例えば量産設備は難しいが、10年以上前に開発された毎分1000回転以上の高速混練機で、剪断流動でもナノオーダーの分散を実現できることが示された。またポリマーアロイの研究者として有名なウトラッキーの開発したEFMでは既存の連続式混練機の先に取り付けるだけで伸張流動によるナノオーダーの分散が可能である。但し何段階もの細い隙間を通す必要から量産性は無い。
ウトラッキーは細い鋭利な隙間で発生する伸張流動に着目したが、隙間がある距離で並行に続くと壁面では剪断流動となる。すなわち隙間を広げれば壁面で発生する剪断流動でウトラッキーの装置よりも吐出量を上げた混練が可能となる。この点に着目して写真会社から連続式混練機の先に取り付ける新しい混練装置が特許出願された。
この方法の面白いところはカオス混合と類似の現象が発生している点である。実際にこの装置を用いると混練レベルを大幅に上げることが可能で、特許にDSCのTg変化で示したようにPPSと6ナイロンが相溶する。このアイデアの改良を現在も続けているのでご興味のある方はお問い合わせください。
さて、連続式混練機のもっと面白い使用方法は無いかと調べてみると、詳細のノウハウは開示されていないが、ベント孔から粘土鉱物のスラリーを樹脂の流動方向と反対に流し込み他のベント孔から水を水蒸気として取り出す力業を見つけた。この方法で粘土鉱物を樹脂にナノオーダーで分散させることに成功している。
粘土鉱物は層状構造なので高い剪断流動で容易に劈開する。また、層間にアミン類をインタカレーションさせて劈開しやすくした粘土鉱物もナノフィラーとして販売されている。またこの変性粘土鉱物は変性剤の種類により樹脂に分散しやすくできる長所がある。

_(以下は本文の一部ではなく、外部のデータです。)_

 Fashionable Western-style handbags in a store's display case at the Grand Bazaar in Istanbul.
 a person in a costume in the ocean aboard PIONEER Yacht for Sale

配合処方の工夫とプロセシングの改良により連続式混練機の混練性能を上げることが可能であるが、L/Dの制約で混練時間の問題が残る。しかし、これも複数回連続式混練機を使用すれば解決がつくのでバンバリーとオープンロールの組み合わせに迫る混練プロセスを連続式混練機で行えるようになってきた。また、ラムスタットミキサーと呼ばれるバッチ式と連続式を組み合わせた新しい混練装置も4年前に開発された。

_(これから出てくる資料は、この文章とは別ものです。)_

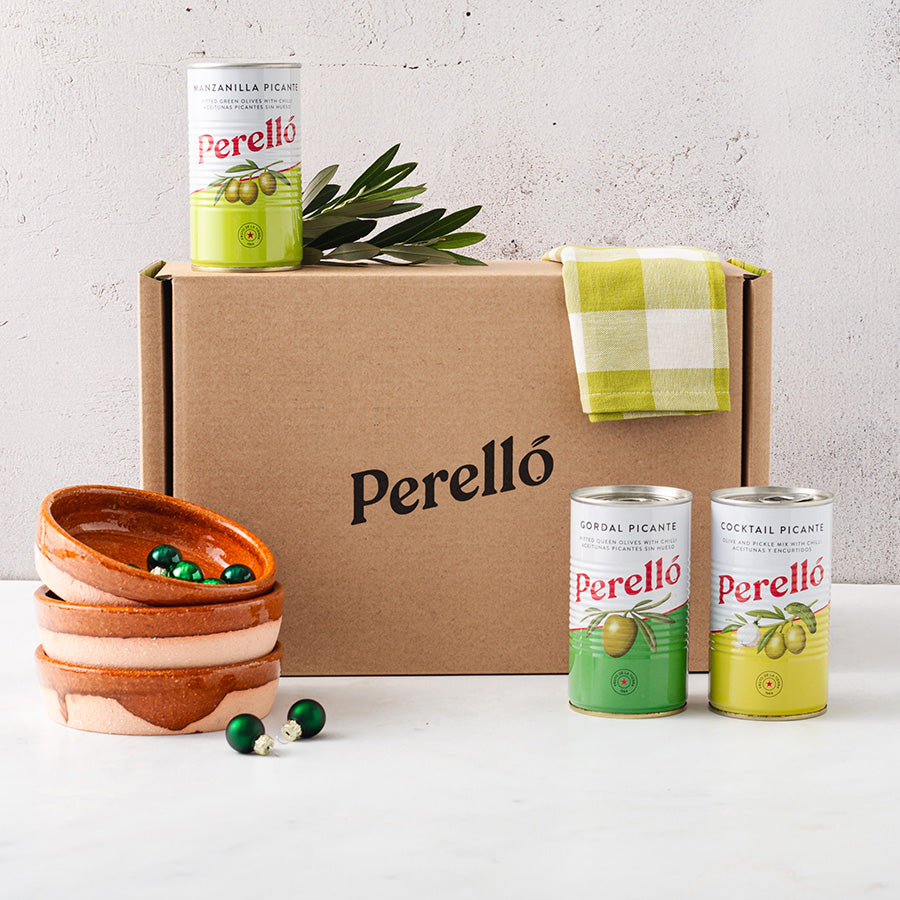 perello olive trio selection tins and three pereruela dishes gift box decorated with Christmas decorations 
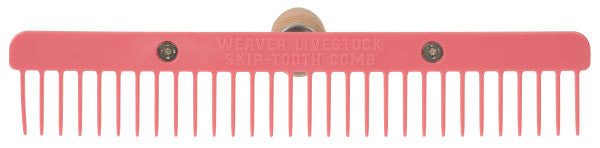 Pink comb with gold accents on a white background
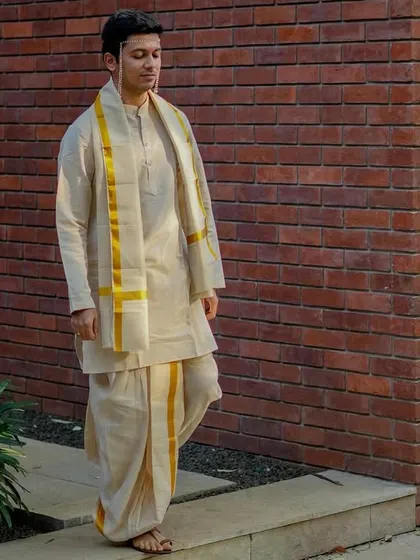 A quiet, contemplative portrait of the groom in his traditional dhoti and kurta, captured in a moment of calm before the ceremony.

今年の高分子自由討論会では、キャピラリーの樹脂流動で発生する壁面の現象に関する発表があった。写真会社で出願された特許の現象を支持する実験結果が得られていた。ラムスタットミキサーでは伸張流動で混練が進むと説明されていたが、壁面で発生してる剪断流動により混練が進んでいる可能性がある。